◆ Exercise materials:
..............................
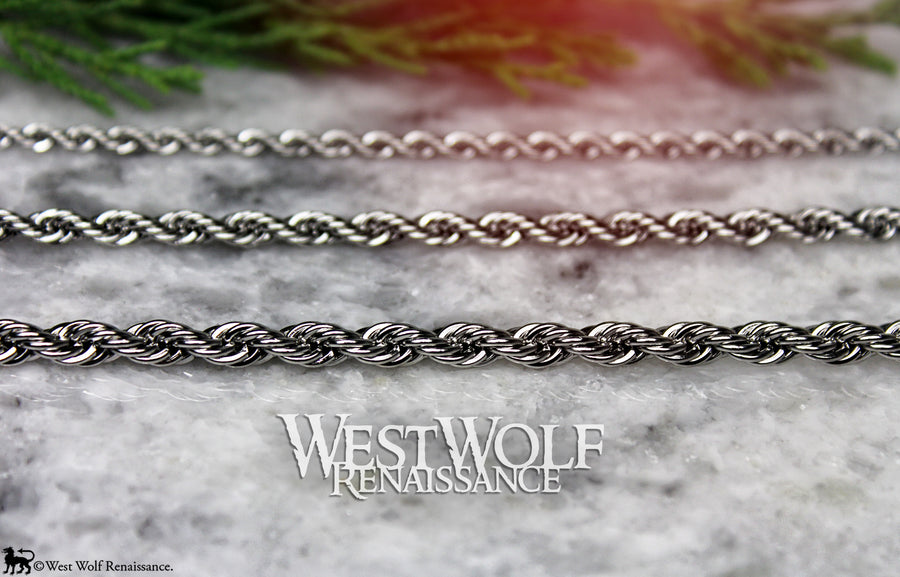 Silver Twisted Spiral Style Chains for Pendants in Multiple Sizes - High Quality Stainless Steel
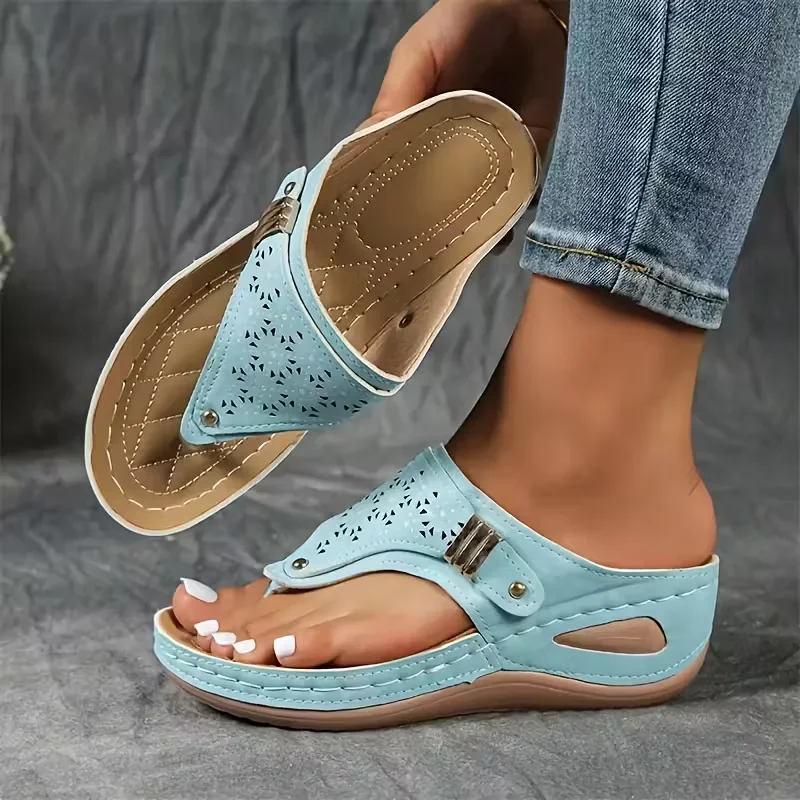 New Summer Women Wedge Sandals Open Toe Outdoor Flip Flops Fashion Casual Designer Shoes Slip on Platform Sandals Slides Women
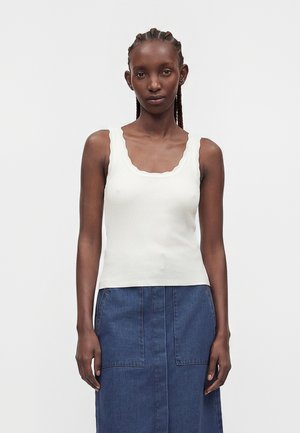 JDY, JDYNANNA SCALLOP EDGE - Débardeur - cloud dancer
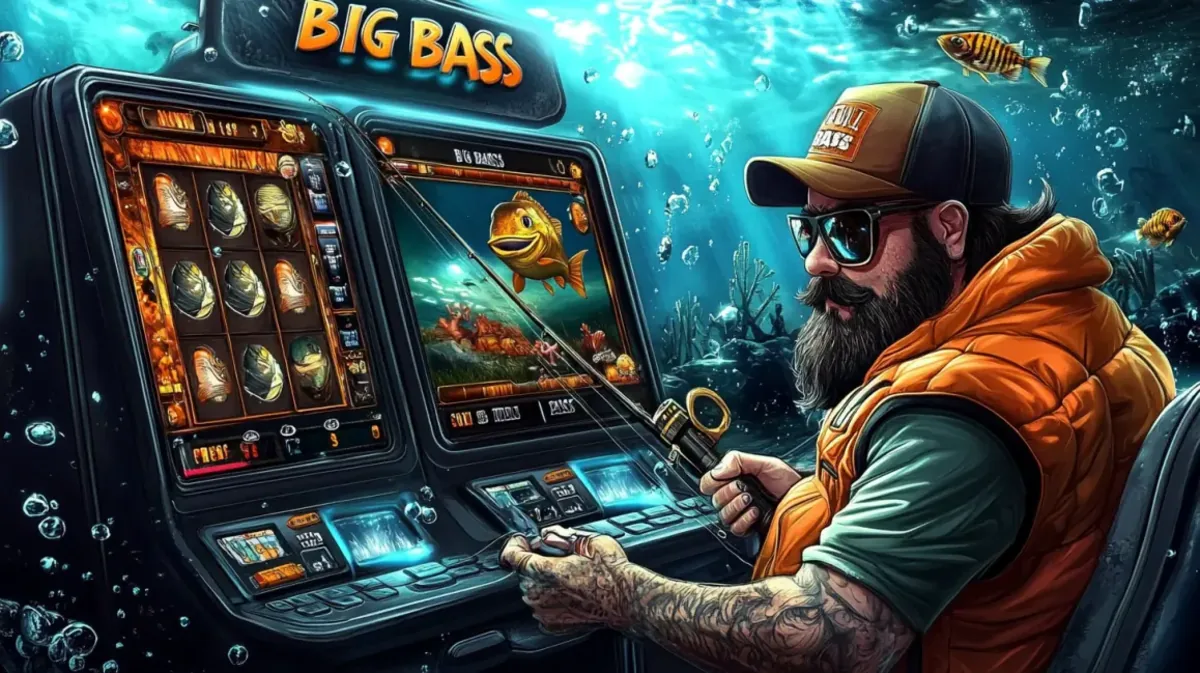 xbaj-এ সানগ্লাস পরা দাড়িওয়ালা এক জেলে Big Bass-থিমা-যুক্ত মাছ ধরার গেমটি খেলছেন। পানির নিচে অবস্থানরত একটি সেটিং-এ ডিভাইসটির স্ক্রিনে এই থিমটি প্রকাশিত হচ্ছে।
..............................
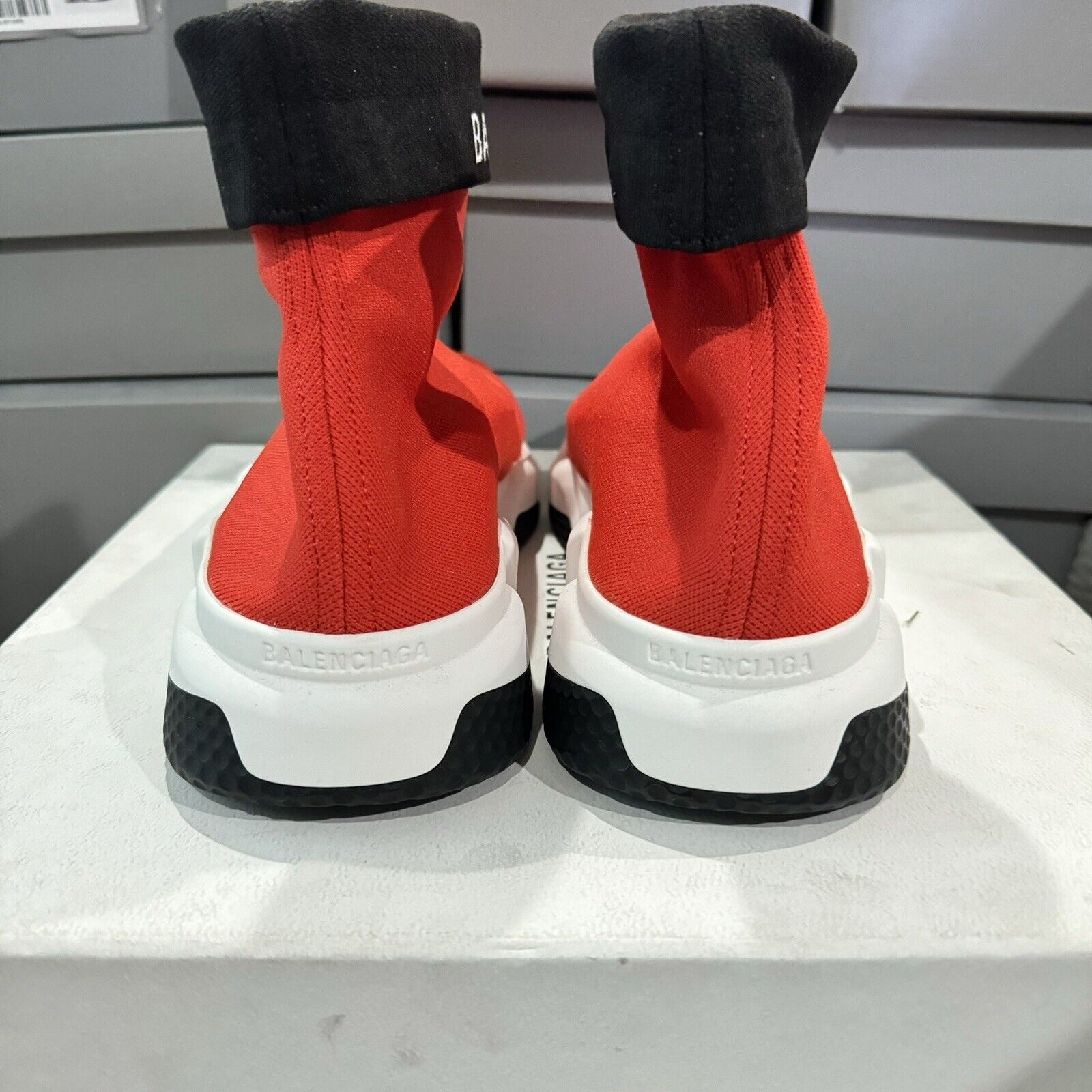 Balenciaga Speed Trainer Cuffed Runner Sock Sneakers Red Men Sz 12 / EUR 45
..............................
Only the lines above starting with the line with "Silver Twisted Spiral" and going on through the line with "xbaj-এ সানগ্লাস পরা" belong in the answer; repeat them exactly, minus any picture.

 Silver Twisted Spiral Style Chains for Pendants in Multiple Sizes - High Quality Stainless Steel
 New Summer Women Wedge Sandals Open Toe Outdoor Flip Flops Fashion Casual Designer Shoes Slip on Platform Sandals Slides Women
 JDY, JDYNANNA SCALLOP EDGE - Débardeur - cloud dancer
 xbaj-এ সানগ্লাস পরা দাড়িওয়ালা এক জেলে Big Bass-থিমা-যুক্ত মাছ ধরার গেমটি খেলছেন। পানির নিচে অবস্থানরত একটি সেটিং-এ ডিভাইসটির স্ক্রিনে এই থিমটি প্রকাশিত হচ্ছে।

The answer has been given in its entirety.